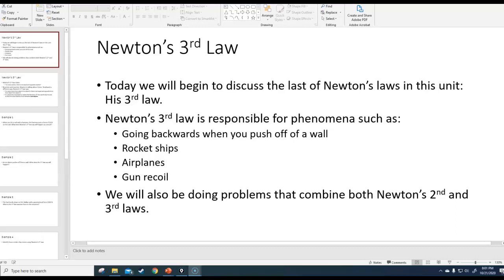In this video we are going to talk about the last of Newton's laws, which is Newton's third law. We've already talked about the first law, which is also called the law of inertia. Newton's first law says that an object at rest remains at rest, or an object in motion remains in motion at constant velocity, unless acted upon by a net force.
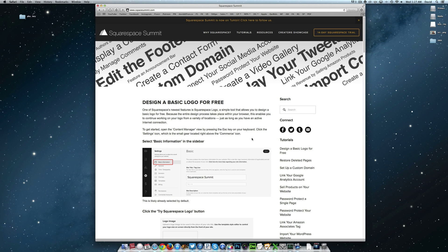Hey everyone, this is David DeFranco with another tutorial from Squarespace Summit. So in today's tutorial, we're going to explain how to connect your social media accounts to your Squarespace website.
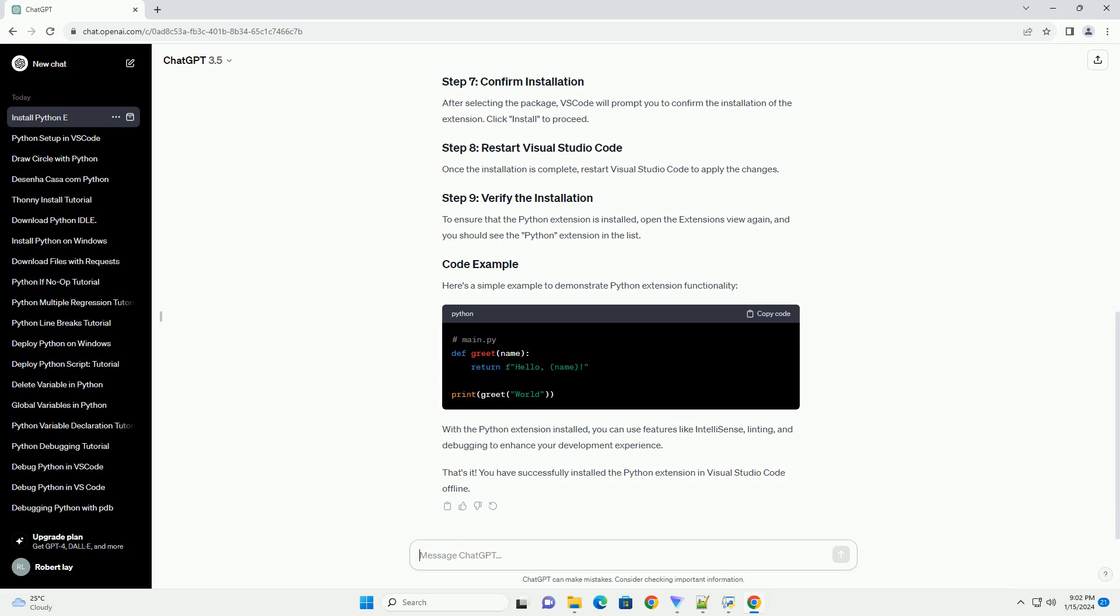Launch Visual Studio Code on the target machine where you want to install the Python extension. Click on the extensions icon in the activity bar on the side of the window, or use the keyboard shortcut Ctrl plus Shift plus X. In the extensions view, click on the three horizontal lines in the top left corner to open the menu, and select Install from VSIX.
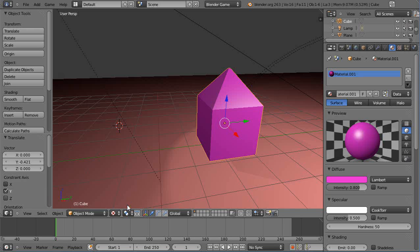In this tutorial for new Blender users, we'll take a look at the graph editor and see how you can use it to control your animations. It's a really powerful tool.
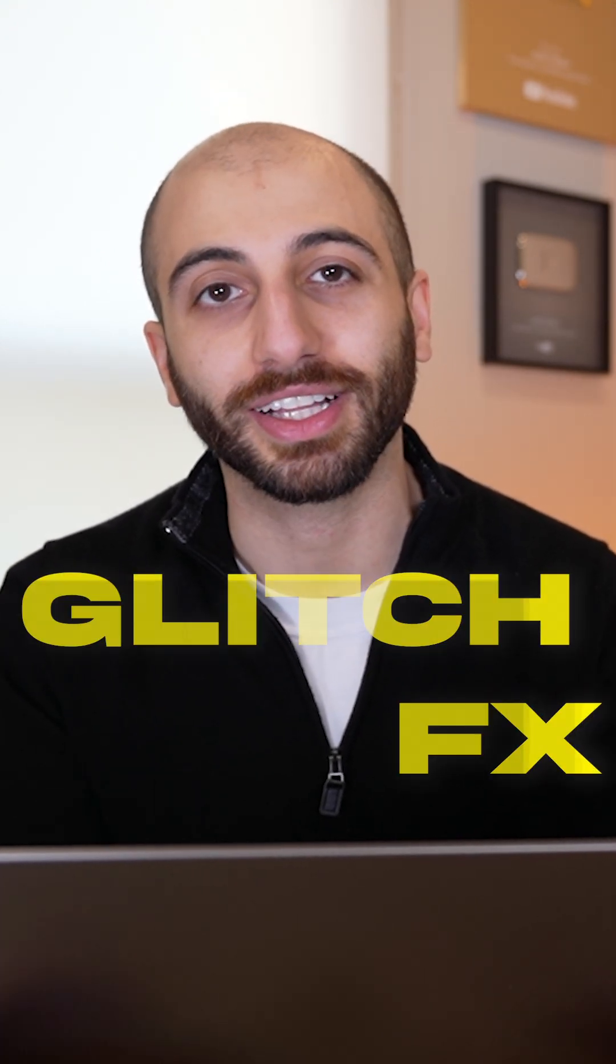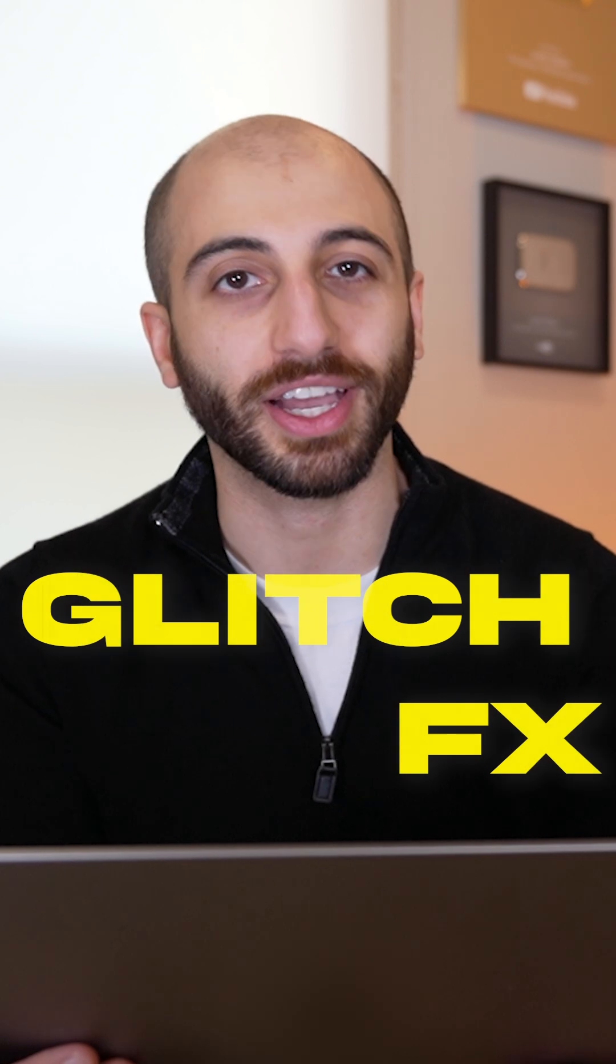No gatekeeping, I'm going to show you how easily you can create good-looking, unique glitch transition effects for your videos in Adobe Premiere Pro.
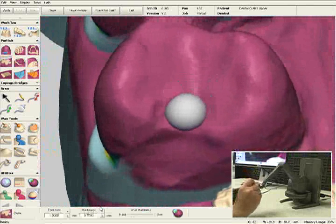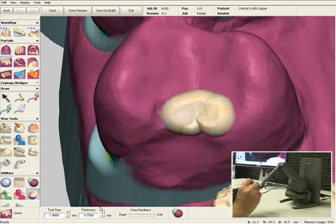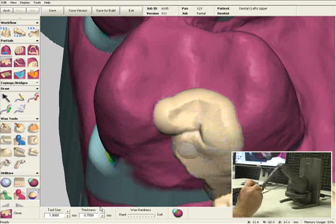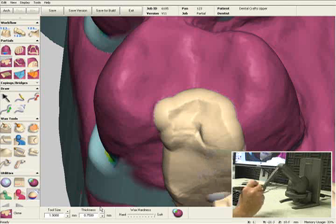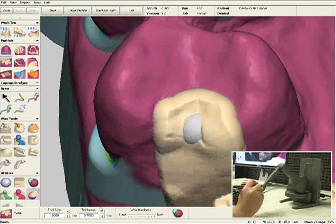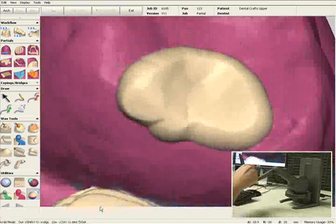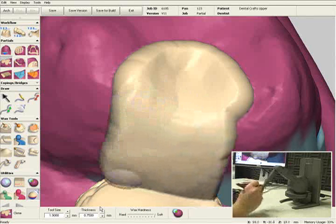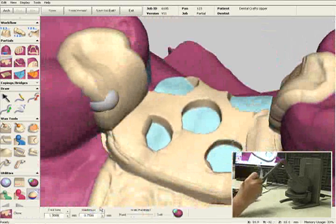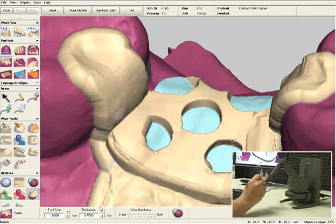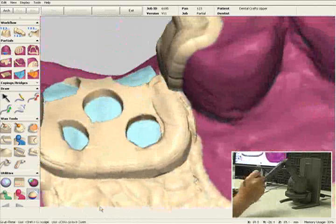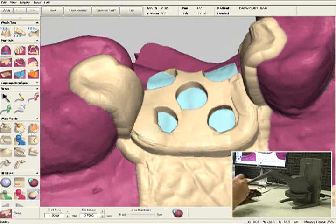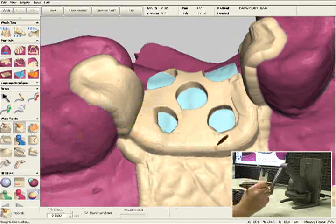Let's do the same thing for number 4. Let's add the guide plane, and let's add another guide plane on number 2. I'll select the smooth tool again and blend in some of these sharp corners here.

------------------------------------------------------------------------

All of the data above needs to be retyped exactly, with the pictures removed.

In this video we are going to talk about the last of Newton's laws, which is Newton's third law. We've already talked about the first law, which is also called the law of inertia. Newton's first law says that an object at rest remains at rest, or an object in motion remains in motion at constant velocity, unless acted upon by a net force.
Hey everyone, this is David DeFranco with another tutorial from Squarespace Summit. So in today's tutorial, we're going to explain how to connect your social media accounts to your Squarespace website.
Launch Visual Studio Code on the target machine where you want to install the Python extension. Click on the extensions icon in the activity bar on the side of the window, or use the keyboard shortcut Ctrl plus Shift plus X. In the extensions view, click on the three horizontal lines in the top left corner to open the menu, and select Install from VSIX.
In this tutorial for new Blender users, we'll take a look at the graph editor and see how you can use it to control your animations. It's a really powerful tool.
No gatekeeping, I'm going to show you how easily you can create good-looking, unique glitch transition effects for your videos in Adobe Premiere Pro.
Let's do the same thing for number 4. Let's add the guide plane, and let's add another guide plane on number 2. I'll select the smooth tool again and blend in some of these sharp corners here.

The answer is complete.